Despite minority objection in one case, FWC rules policies on antisocial behaviour and safety fail to preclude unfairness defence

 

Company policies relating to employee work practices and interpersonal relations are coming adrift in the Fair Work Commission (FWC), with cases involving transport and logistics giant Toll to the fore.

Toll has been ordered to reinstate two workers sacked for contravening anti-social and safety regulations, with the FWC full bench making a distinction on the weight it puts on workplace racist talk in a separate but linked ruling involving a BHP Billiton subsidiary’s case on Friday.

BHP-owned Mt Arthur Coal was ordered to reinstate a dump-truck driver, with his racist and homophobic remarks on a mine’s open radio deemed less offensive because they were general than those of a Toll worker who had harassed specifically a fellow worker of Afghan origin.

As it happened, both men gained reinstatement orders but for different reasons.

In the case Joseph Johnpulle v Toll Holdings Ltd, the FWC had found the Toll warehouse worker was being treated harshly because, though his “conduct was characterised as intended to ‘harass, vilify and victimise’, and was found to constitute a valid reason for dismissal”, it was considered harsh “because of the personal consequences of the dismissal and the severity of the punishment given the absence of any sanctions for the earlier instances of his conduct”, the Mt Arthur Coal finding reads.

In that appeal case, a Toll request that it be heard by the full bench having been rejected, Commissioner Michelle Bissett appeared to put the onus on the company to deal with workers’ antisocial attitudes and actions and to do it in a consistent way.

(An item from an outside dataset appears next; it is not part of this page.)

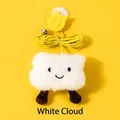 Hanging retractable cat toy featuring a plush white cloud design and a small bell attachment - Cloud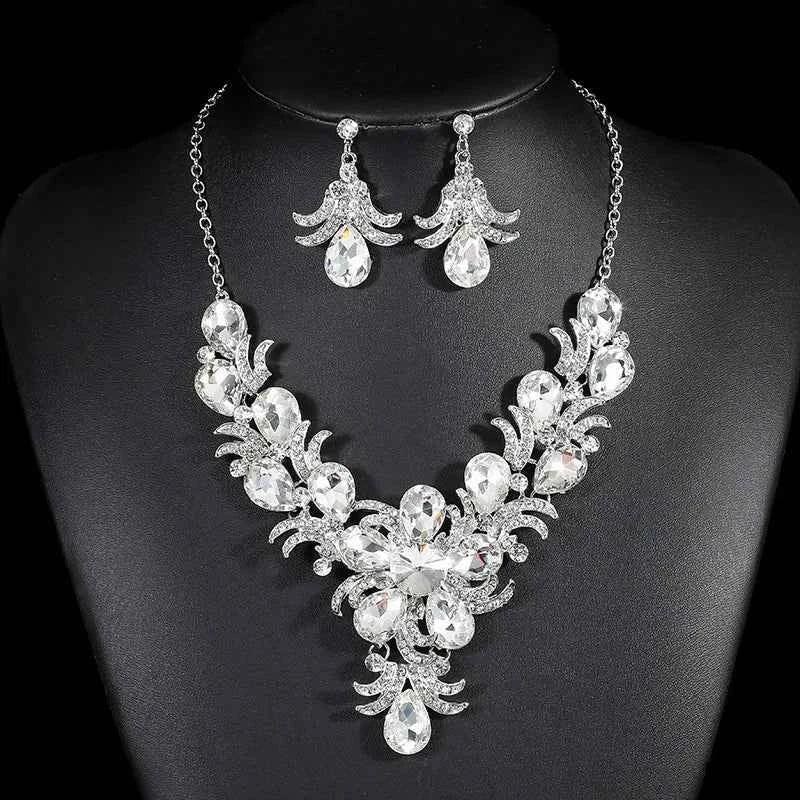 Luxury Purple Crystal Flower Jewelry Set for Women Rhinestone Stud Earrings & Necklace Wedding Party Accessory Bridal Gift by George Black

“It is my strong view that appropriate formal disciplinary action should have been taken against Mr Johnpulle in the past so that he was fully aware that his conduct, should it persist, would not be tolerated,” Bissett’s March ruling reads.

“But, by its actions, Toll has not provided such an indication. While its Code may be clear on what is tolerable, this is undermined if such behaviour continues to be tolerated by inaction or mild rebuke.

“Cultural and ethnic awareness however are not things that happen by the writing of policies, that ruling reads.

“It is through training and raising and discussion of issues that knowledge is gained, understanding is reached and tolerance found.”

In Mt Arthur Coal v Jodie Goodall, which is likely cause workplace lawyers’ comment, not least due it being a majority rather than unanimous finding, vice-president Adam Hatcher and deputy president Nicole Wells agreed that the severity of the racist comments can be graded, just as comments over a few minutes can be viewed in relation to five years of service.

They also agreed on the principal of company policy fails to outweigh dismissal process, saying: “That Mt Arthur Coal had introduced a policy prohibiting the type of conduct in which Mr Goodall engaged could not by itself preclude the conclusion that Mr Goodall’s dismissal was unfair.”

They quoted the full bench majority in B, C and D v Australian Postal Corporation, which ruled that while “a substantial and wilful breach of a policy will often, if not usually, constitute a ‘valid reason’ for dismissal”, nevertheless “[a]ny notion that a clear and knowing breach of policy will always provide a valid reason for a dismissal that will not be harsh, unjust or unreasonable, no matter the employee’s length of service and other circumstances, is inconsistent with basic principle. Every case must be assessed by reference to its particular circumstances”. 

Commissioner Leigh Johns diverged on dismissing the appeal over the “known adverse impact of discrimination in the workplace”, the lack of gravity the majority accorded to it and the reasons for having a Code of Business Conduct.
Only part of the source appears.